Todos esos hombres y mujeres santos que, durante el tiempo de los Macabeos, se mantuvieron firmes por su fe, y soportaron el fuego y la espada e inenarrables torturas, creyeron en la resurrección, y esa resurrección los estimulaba para entregar sus cuerpos a las llamas, sin que les importara ni siquiera la muerte, sino que creían que después alcanzarían una bendita resurrección.
Pero nuestro Señor trajo la resurrección a la luz de la manera más excelente, pues explícita y frecuentemente la declaró. «No os maravilléis de esto»; -dijo- «porque vendrá hora cuando todos los que están en los sepulcros oirán su voz.» «Viene la hora cuando llamará a los muertos a juicio, y estarán delante de su trono.» En verdad, en toda Su predicación hubo un flujo continuo de una creencia firme, y de una positiva declaración pública de la resurrección de los muertos. No los abrumaré con pasajes de los escritos de los apóstoles: ellos abundan en el tema. De hecho, la Santa Escritura está tan llena de esta doctrina que me sorprende, hermanos, que nos hubiéramos apartado tan pronto de la firmeza de nuestra fe, y que se llegara a creer en muchas iglesias que los cuerpos materiales de los santos no vivirán otra vez, y especialmente que los cuerpos de los impíos no tendrán una existencia futura. Nosotros sostenemos según nuestro texto, que «ha de haber resurrección de los muertos, así de justos como de injustos.»

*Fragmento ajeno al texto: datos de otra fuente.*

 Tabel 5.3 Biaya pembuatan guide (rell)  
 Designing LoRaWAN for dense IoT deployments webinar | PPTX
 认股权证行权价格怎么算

Una segunda prueba, pensamos, la encontramos en la transposición de Enoc y Elías al cielo. Leemos de dos hombres que fueron al cielo en sus cuerpos. «Caminó, pues, Enoc con Dios, y desapareció, porque le llevó Dios»; y Elías fue transportado al cielo en un carro de fuego. Ninguno de estos hombres dejó sus cenizas en el sepulcro: ninguno dejó su cuerpo para que fuera consumido por el gusano, y ambos ascendieron a lo alto en sus cuerpos mortales (sin duda cambiados y glorificados). Ahora, esos dos individuos fueron la garantía de que todos hemos de resucitar de la misma manera. ¿Sería verosímil que dos espíritus relumbrantes estuvieran en el cielo vestidos de carne, mientras que el resto de nosotros estuviéramos desvestidos? ¿Sería algo razonable que Enoc y Elías fueran los únicos santos que tuvieran sus cuerpos en el cielo, y que nosotros estuviéramos allí únicamente en nuestras almas, ¡pobres almas!, anhelando contar otra vez con nuestros cuerpos?

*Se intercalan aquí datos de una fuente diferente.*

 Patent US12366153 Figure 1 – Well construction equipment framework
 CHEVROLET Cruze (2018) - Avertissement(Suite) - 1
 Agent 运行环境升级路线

No; nuestra fe nos dice que habiendo ido estos dos hombres al cielo con seguridad, como lo expresa John Bunyan, por un puente que nadie más pisó, gracias al cual no se vieron en la necesidad de vadear el río, nosotros seremos alzados de las aguas, y nuestra carne no morará para siempre en la corrupción.
Hay un notable pasaje en Judas, en el que se habla de que cuando el arcángel Miguel contendía con el diablo por el cuerpo de Moisés, no se atrevió a proferir «juicio de maldición». Ahora, esto se refiere a la gran doctrina de que los ángeles vigilan los huesos de los santos. Ciertamente nos informa que el cuerpo de Moisés era vigilado por un grandioso arcángel; el diablo pensaba turbar ese cuerpo, pero Miguel contendía con él por esa causa. Ahora, ¿habría una contención acerca de ese cuerpo si no hubiese sido de ningún valor? ¿Contendería Miguel por aquello que habría de servir únicamente de alimento de los gusanos? ¿Lucharía con el enemigo por aquello que habría de ser esparcido a los cuatro vientos del cielo, para no ser reunido nunca en una armazón más buena y nueva? No; seguramente que no.

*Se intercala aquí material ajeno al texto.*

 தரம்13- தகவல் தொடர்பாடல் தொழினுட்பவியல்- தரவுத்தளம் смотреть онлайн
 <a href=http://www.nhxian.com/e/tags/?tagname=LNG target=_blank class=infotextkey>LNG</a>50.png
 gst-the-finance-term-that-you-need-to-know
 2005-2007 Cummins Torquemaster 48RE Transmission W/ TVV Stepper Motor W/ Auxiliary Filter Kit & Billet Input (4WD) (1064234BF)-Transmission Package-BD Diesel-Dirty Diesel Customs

De esto aprendemos que un ángel vigila sobre cada tumba. No es una ficción cuando esculpimos sobre el mármol los querubes con sus alas. Hay querubes con alas extendidas sobre las lápidas sepulcrales de todos los justos; ay, y donde «los rústicos antepasados de aldea duermen», en algún rincón recubierto de ortigas, allí está un ángel noche y día para vigilar cada hueso y proteger cada átomo, para que en la resurrección esos cuerpos, con más gloria de la que tuvieron en la tierra, puedan levantarse para morar por siempre con el Señor. La custodia de los cuerpos de los santos, por parte de los ángeles, demuestra que resucitarán otra vez de los muertos.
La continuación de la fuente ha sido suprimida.